在她身后,扫叶望着她的背影出神,直至后头有人在他肩上砸了一拳:“你这是看什么呢?”
“没什么,你怎么来了?”扫叶皱眉看向来人。
徐行唇角勾起,道:“鱼儿这就上钩了。”
“我去找三爷。”扫叶抬脚就往里头走。徐行拽住他笑骂一句:“急什么,里头有金子呢?等等我,咱们一齐去。”
结果可想而知,二人在游廊上就被丫鬟们拦下了。
扫叶皱眉看着上房,嘴角直抽抽。跟着他进来的男子一脸玩味的笑:“跟着他这么久了,还没见过屋里那位呢。”
“这府上的人你认识几个?”
“我就认识你和伏玄默,还有兰馥,听说她又会说话了,怎么不见人呢?”
“她比你还忙呢。三爷放着好好的男人不用,把个姑娘支使成这样。”扫叶叹气道。
徐行轻笑一声:“那是兰馥争气,一个人比两个男子还管用。”
“你们吵什么?里头正睡觉呢,吵醒了你们去回话。”赵慬在窗下已经听了半日,终于忍不住出来低声呵斥二人。
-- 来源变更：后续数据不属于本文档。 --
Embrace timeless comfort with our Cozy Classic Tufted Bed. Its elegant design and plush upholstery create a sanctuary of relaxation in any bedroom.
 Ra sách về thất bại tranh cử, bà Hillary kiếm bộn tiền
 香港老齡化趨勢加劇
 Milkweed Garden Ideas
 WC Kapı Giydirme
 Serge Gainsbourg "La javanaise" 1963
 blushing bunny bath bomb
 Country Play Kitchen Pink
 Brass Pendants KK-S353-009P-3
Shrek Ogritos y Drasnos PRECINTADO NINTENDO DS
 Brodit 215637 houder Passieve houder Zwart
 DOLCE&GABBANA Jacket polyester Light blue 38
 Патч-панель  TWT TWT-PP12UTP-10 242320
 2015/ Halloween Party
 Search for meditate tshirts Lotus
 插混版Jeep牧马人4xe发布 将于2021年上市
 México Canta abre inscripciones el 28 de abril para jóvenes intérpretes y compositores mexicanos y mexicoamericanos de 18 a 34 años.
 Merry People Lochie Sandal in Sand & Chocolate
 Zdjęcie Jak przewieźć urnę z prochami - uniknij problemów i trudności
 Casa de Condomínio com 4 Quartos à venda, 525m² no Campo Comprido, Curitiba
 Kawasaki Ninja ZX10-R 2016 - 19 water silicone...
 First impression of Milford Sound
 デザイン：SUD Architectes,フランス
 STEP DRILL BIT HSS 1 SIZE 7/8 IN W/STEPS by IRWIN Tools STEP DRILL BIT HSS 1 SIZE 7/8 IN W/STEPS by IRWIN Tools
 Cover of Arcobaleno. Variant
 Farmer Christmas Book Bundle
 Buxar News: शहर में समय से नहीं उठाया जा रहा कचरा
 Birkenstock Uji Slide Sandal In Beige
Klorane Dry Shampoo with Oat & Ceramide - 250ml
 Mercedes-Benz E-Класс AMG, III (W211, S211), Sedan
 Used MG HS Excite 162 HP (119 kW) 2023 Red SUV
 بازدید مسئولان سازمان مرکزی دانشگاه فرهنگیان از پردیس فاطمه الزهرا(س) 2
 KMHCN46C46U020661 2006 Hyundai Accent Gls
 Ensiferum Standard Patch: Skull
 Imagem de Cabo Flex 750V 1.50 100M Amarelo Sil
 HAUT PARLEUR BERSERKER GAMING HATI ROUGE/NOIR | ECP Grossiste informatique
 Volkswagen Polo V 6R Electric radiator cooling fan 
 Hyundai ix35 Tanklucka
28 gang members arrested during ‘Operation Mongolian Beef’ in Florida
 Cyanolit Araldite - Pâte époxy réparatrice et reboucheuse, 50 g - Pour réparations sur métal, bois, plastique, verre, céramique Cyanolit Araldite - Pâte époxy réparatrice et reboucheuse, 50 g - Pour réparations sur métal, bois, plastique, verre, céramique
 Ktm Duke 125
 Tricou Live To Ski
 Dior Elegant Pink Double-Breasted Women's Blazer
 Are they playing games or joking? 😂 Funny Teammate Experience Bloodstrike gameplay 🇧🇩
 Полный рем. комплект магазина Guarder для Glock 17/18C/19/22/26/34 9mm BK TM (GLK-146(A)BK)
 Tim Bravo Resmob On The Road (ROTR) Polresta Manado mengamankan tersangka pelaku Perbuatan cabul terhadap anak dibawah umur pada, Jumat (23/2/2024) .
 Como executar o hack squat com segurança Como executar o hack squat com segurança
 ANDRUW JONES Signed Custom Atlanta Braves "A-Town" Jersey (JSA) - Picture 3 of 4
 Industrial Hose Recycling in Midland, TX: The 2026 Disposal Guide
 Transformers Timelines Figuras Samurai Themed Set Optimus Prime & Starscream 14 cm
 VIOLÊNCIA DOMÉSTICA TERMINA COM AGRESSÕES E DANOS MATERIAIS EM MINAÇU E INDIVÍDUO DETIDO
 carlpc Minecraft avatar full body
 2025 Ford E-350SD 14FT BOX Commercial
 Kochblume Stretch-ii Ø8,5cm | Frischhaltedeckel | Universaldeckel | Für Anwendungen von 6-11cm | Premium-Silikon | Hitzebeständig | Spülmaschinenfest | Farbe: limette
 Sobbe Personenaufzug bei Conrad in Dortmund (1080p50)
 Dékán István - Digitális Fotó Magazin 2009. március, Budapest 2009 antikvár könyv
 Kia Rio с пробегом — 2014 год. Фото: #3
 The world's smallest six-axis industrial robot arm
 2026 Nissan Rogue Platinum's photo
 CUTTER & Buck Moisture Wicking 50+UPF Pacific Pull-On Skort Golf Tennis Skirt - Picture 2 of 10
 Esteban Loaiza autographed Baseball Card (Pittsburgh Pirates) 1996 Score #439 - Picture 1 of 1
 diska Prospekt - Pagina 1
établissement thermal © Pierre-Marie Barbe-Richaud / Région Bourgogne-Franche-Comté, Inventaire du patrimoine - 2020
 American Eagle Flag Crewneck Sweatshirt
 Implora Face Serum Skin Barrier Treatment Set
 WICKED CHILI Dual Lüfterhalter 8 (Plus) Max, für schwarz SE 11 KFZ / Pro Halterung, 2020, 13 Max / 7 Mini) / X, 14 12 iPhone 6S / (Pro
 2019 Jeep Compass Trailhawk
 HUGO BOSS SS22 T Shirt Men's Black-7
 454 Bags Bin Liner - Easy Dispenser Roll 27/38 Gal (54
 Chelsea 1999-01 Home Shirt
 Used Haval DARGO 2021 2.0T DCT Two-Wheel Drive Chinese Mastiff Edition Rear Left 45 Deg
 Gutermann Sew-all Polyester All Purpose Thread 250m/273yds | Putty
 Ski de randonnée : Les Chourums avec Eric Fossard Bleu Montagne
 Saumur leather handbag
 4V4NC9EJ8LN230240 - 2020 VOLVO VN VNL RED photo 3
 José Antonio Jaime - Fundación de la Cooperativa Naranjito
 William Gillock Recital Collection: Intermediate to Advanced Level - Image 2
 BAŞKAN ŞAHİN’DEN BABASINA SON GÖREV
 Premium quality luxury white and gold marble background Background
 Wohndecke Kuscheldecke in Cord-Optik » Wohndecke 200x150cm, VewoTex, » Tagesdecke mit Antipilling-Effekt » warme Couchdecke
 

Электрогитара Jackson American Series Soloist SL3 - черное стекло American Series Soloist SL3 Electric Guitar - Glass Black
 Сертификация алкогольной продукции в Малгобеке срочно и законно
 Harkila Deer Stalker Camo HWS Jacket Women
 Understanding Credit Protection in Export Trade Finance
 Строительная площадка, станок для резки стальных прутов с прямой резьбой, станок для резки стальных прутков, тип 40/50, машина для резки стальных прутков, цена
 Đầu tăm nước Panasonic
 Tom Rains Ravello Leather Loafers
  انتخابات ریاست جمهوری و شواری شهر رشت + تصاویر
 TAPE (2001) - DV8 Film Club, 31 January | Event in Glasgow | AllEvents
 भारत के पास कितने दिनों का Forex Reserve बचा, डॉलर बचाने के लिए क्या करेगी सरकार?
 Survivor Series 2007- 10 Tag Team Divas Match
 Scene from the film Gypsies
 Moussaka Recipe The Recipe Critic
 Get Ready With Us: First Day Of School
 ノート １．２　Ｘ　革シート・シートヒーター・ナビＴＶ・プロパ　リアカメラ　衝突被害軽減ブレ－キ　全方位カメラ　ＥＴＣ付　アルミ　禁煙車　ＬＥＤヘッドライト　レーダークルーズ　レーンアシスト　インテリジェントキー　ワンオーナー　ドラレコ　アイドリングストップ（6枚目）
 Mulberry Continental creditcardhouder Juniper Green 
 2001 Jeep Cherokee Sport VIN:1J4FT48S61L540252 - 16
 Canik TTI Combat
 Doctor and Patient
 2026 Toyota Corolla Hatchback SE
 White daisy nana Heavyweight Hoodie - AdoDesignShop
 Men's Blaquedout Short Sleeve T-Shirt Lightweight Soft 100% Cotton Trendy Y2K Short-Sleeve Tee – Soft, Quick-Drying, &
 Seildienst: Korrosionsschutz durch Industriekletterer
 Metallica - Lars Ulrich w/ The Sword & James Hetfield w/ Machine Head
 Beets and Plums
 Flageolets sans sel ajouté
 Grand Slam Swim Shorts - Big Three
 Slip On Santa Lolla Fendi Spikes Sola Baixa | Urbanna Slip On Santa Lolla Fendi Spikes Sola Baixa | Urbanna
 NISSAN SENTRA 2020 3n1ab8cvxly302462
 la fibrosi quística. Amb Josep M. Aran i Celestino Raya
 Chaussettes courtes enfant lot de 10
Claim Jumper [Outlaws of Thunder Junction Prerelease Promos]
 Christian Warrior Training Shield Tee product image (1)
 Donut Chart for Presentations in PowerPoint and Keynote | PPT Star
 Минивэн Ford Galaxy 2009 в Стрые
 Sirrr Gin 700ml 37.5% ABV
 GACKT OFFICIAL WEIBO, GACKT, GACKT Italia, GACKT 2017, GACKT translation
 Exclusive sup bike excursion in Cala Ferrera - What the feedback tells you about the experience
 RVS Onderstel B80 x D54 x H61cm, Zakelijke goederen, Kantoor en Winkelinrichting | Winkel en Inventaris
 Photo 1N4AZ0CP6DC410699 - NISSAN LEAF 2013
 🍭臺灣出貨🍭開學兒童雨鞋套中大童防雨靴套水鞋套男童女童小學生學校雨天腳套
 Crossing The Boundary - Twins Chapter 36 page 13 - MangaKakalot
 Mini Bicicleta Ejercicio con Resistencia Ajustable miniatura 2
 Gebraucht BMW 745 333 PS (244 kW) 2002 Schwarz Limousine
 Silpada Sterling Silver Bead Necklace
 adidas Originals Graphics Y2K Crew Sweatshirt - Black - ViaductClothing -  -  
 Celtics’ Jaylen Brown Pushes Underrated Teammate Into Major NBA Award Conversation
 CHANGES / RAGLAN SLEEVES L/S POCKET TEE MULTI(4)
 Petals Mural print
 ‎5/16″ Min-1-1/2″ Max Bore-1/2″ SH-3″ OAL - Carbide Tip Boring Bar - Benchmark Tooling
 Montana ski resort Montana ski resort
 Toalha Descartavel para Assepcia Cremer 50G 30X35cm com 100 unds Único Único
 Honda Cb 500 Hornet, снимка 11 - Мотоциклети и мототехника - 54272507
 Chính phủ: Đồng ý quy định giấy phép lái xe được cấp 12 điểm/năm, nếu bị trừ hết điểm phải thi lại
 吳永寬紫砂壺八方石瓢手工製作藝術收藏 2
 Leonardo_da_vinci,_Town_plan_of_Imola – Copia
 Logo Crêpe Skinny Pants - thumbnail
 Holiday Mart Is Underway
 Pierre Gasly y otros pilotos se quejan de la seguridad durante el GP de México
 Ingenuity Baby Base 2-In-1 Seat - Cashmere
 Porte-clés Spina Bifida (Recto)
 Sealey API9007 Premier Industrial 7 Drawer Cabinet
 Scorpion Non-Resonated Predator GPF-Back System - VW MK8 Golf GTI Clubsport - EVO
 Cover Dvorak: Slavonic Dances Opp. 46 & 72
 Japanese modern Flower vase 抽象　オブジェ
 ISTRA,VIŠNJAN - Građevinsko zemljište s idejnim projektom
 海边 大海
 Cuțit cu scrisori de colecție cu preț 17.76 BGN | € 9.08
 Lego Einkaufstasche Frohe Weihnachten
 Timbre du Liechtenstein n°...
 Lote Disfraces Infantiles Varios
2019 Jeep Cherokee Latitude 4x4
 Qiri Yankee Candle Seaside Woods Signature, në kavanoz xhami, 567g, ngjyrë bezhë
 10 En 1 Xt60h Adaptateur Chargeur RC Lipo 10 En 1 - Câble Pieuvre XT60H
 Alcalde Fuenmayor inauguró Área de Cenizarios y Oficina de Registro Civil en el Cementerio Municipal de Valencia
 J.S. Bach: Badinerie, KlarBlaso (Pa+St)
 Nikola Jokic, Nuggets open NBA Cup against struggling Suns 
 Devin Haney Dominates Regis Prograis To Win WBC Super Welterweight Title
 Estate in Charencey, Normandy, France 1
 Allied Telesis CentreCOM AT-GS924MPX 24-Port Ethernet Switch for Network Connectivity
两个男子对视一眼后均意味深长地笑了笑。徐行抱胸打量眼前的女子:“不知姑娘是哪位?”
“你又是哪位?”赵慬有些不悦,实在是因为眼前的男子表情太过张扬,看人时的目光带着点儿审视的感觉。
徐行啧了一声:“伏玄默身边的人倒是不俗,连个丫头都这么好看,而且看着竟还有几分眼熟。”
听到他直呼伏慎的名号,赵慬很快猜到他不是一般人,正色道:“三爷睡觉呢,这位公子到偏房里用杯茶可好。”
“我想起来了,”徐行猛地拍了拍手掌,指着赵慬问道,“你是不是在堇云城待过。”
堇云城的经历对赵慬而言并不愉快,尤其是她与伏慎那段,让她现在与伏慎独处时都觉得尴尬不已。如今来了个不认识的人竟然在堇云城见过她,赵慬警惕地看着他,生怕他说出不中听的话来。
谁知男子只是望着她,再没有后话。这沉默却越发激起了扫叶的疑惑,转头问道:“你那时在堇云城?”
“在你和三爷之前我就去了。”徐行虽盯着赵慬,话却是同扫叶说的。
扫叶神情怪异,却又不好当着赵慬的面直接问他发生了何事,于是耷拉着脸站在一旁瞧着他二人眉来眼去。
上房里头,桓辞轻呼一口气,慵懒地躺在床上,盯着伏慎翻身下地披上衣裳往外头走。
伏慎一开门就看到了游廊上的徐行,眼眸微眯与他对视一眼,而后招手示意一旁的丫鬟过来:“去打盆水来。”
说罢便阖上了门,独留院子里的人面面相觑。